Paroissant tout-à-coup se calmer, elle essuya ses pleurs, prit les mains d’Henriette, et la considérant un moment, baissant les yeux, les relevant sur elle, poussant de profonds soupirs, elle sembloit hésiter à lui découvrir sa pensée.

« Je vous afflige, lui dit-elle ; hélas ! je vais peut-être vous révolter ; mais au nom de notre amitié, ne vous opposez point à mes desseins : j’ai un projet, ne le combattez par aucune raison, par aucun discours.

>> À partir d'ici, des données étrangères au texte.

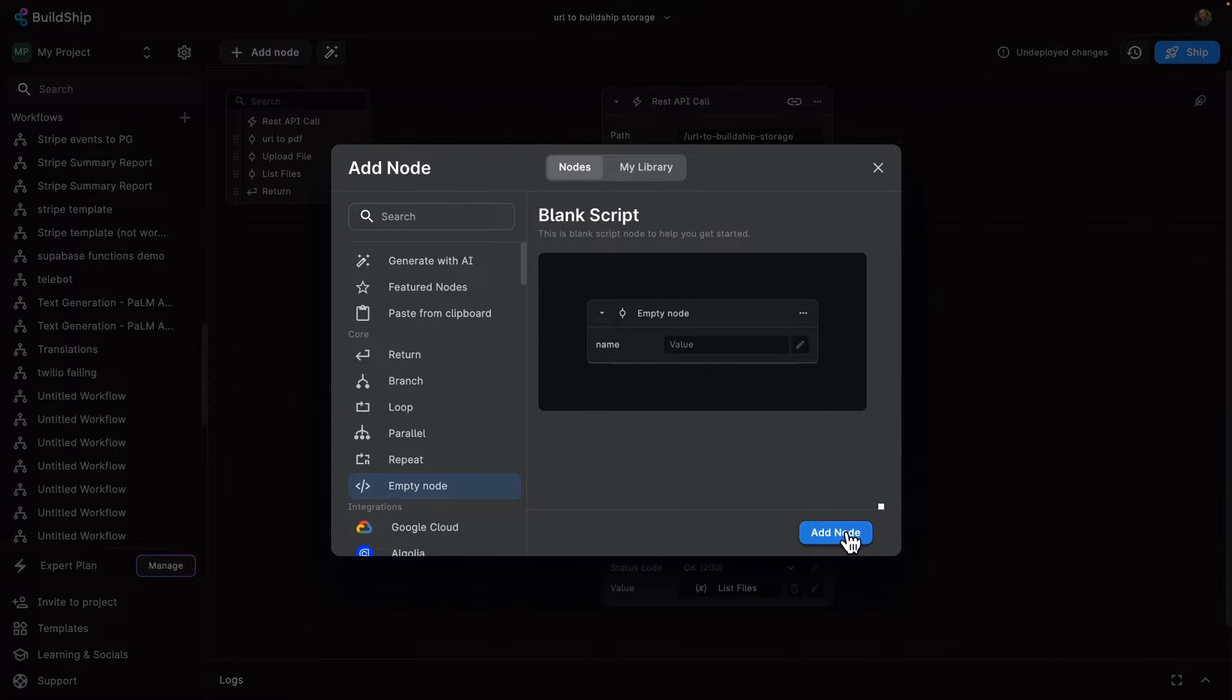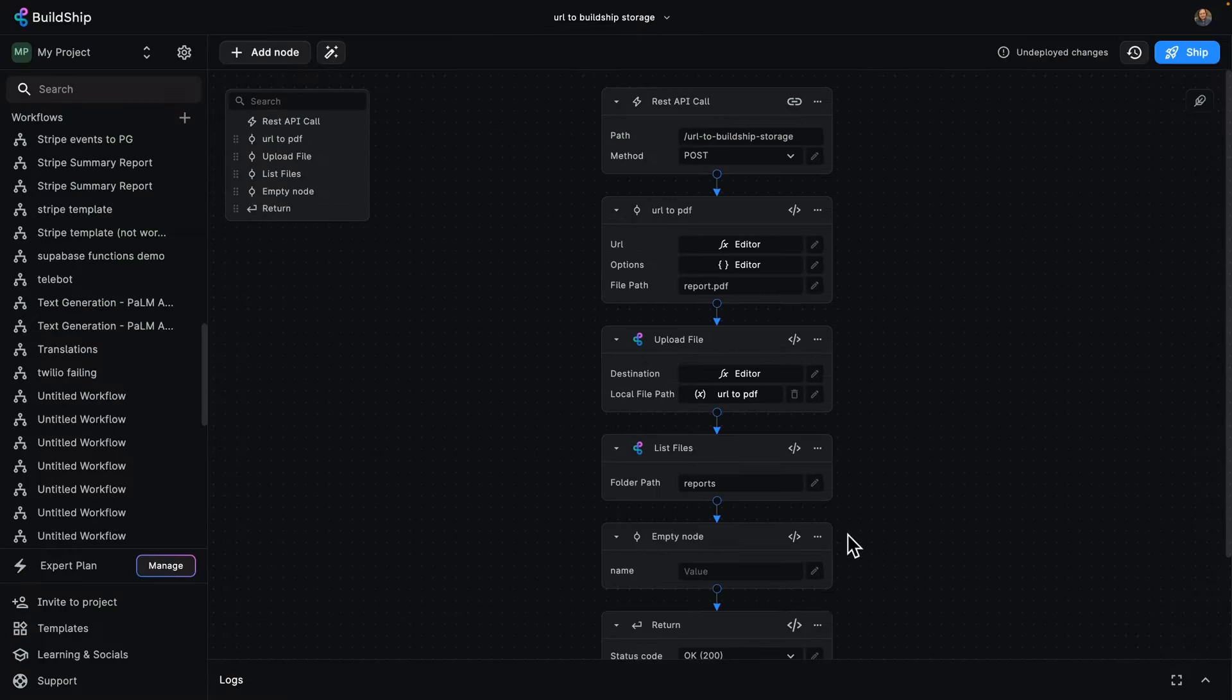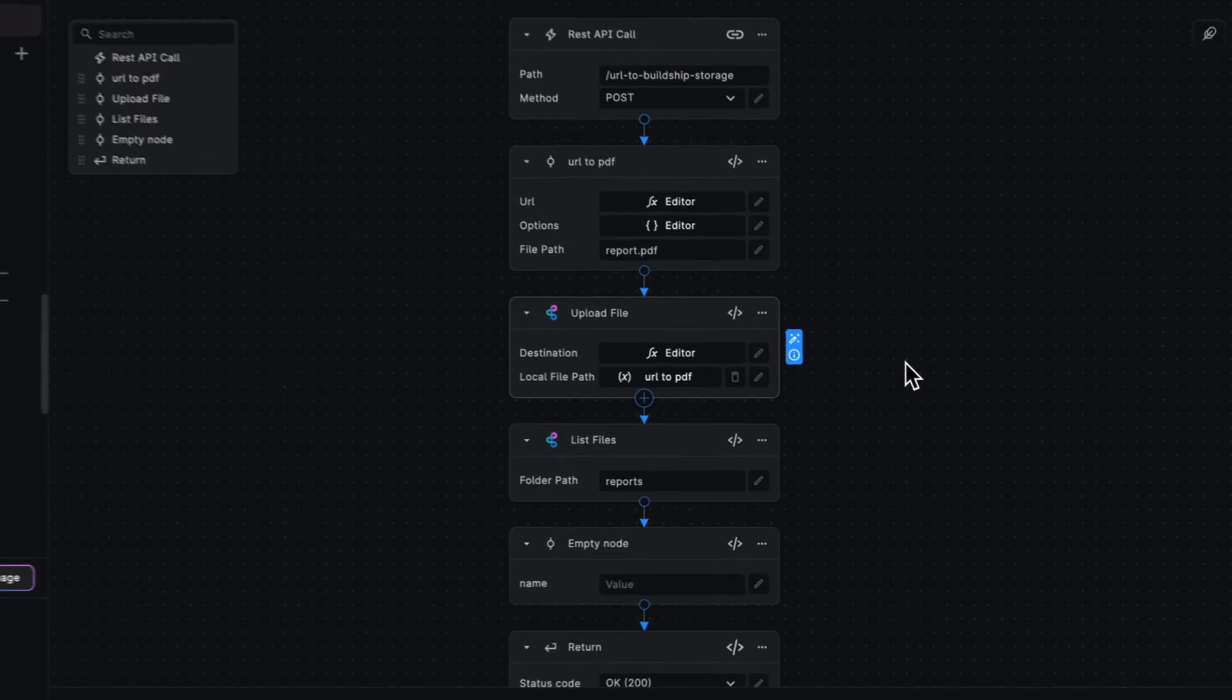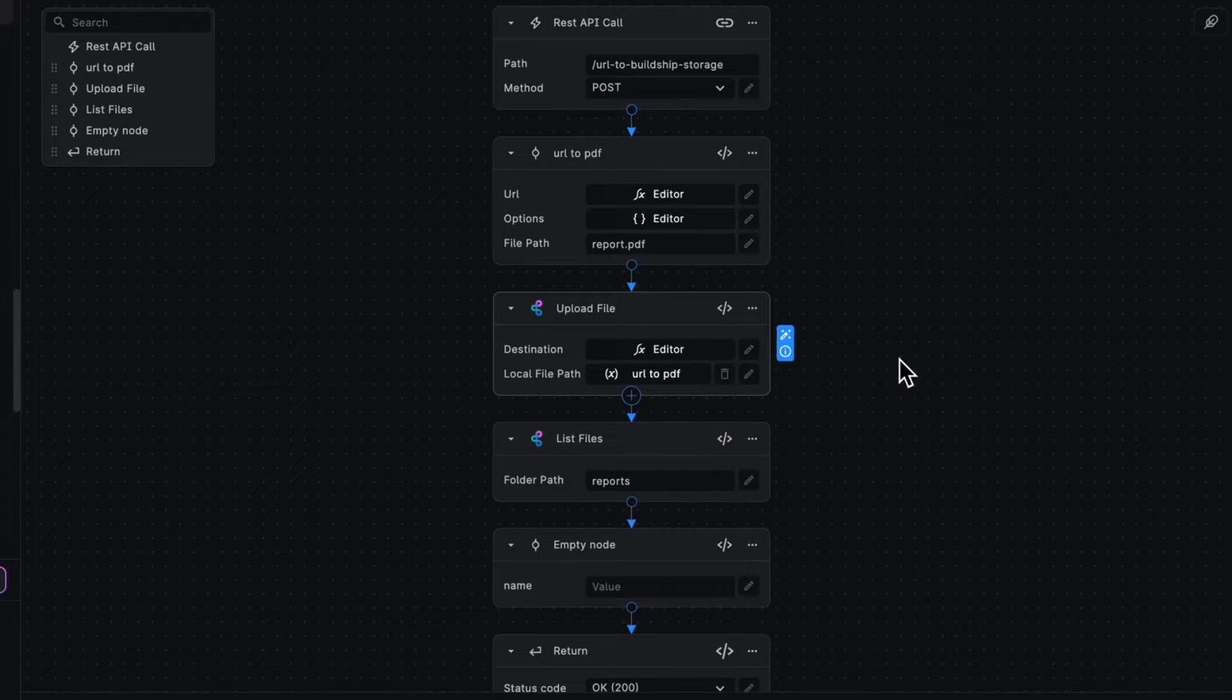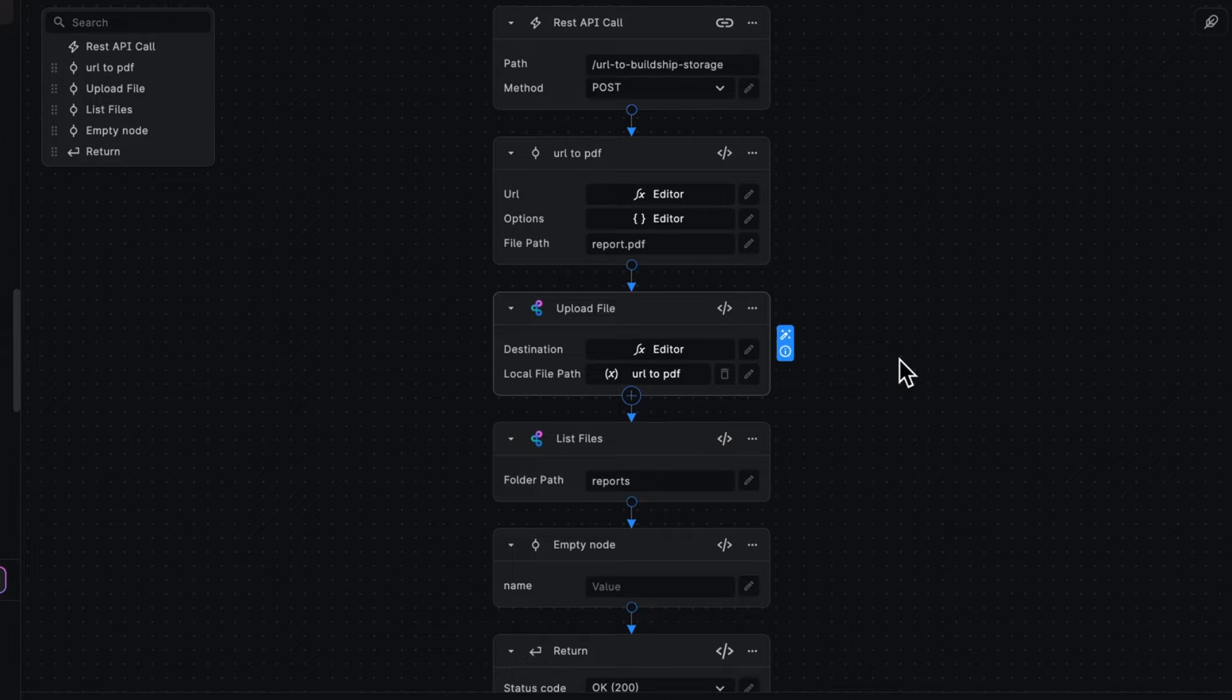I've added that to my current workflow. So my workflow here takes a URL, turns that into a PDF, then uploads it to the built-in BuildShip storage, and then lists out the content of the reports folder.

Ô ma chère Henriette ! je n’abandonnerai point M. de Clémengis ; il est exilé, son mariage est rompu, sa fortune détruite, il va perdre le reste de ses espérances ! il est affligé, malheureux ! je veux partir, aller le trouver, ma vue sera peut-être un adoucissement à ses peines ; si je ne puis le consoler, je partagerai ses maux ; je veux gémir, souffrir, mourir avec lui ! Ne me dites rien, non, ne me dites rien ; ne me parlez ni du monde, ni de ses cruelles bienséances ; je les rejette si la dureté les accompagne : est-il des lois plus saintes que celles de l’amitié ? des devoirs plus sacrés que ceux de la reconnoissance ? À qui dois-je des égards ? je ne tiens à personne ; si ma démarche est une faute, j’en rougirai seule. Je veux dénaturer tout ce que je possède, je veux rendre en secret à M. de Clémengis tous les biens que j’ai reçus de lui ; ah ! pourrois-je en jouir à présent ! heureuse aux yeux des autres, ingrate aux miens, comment supporterois-je la vie » ?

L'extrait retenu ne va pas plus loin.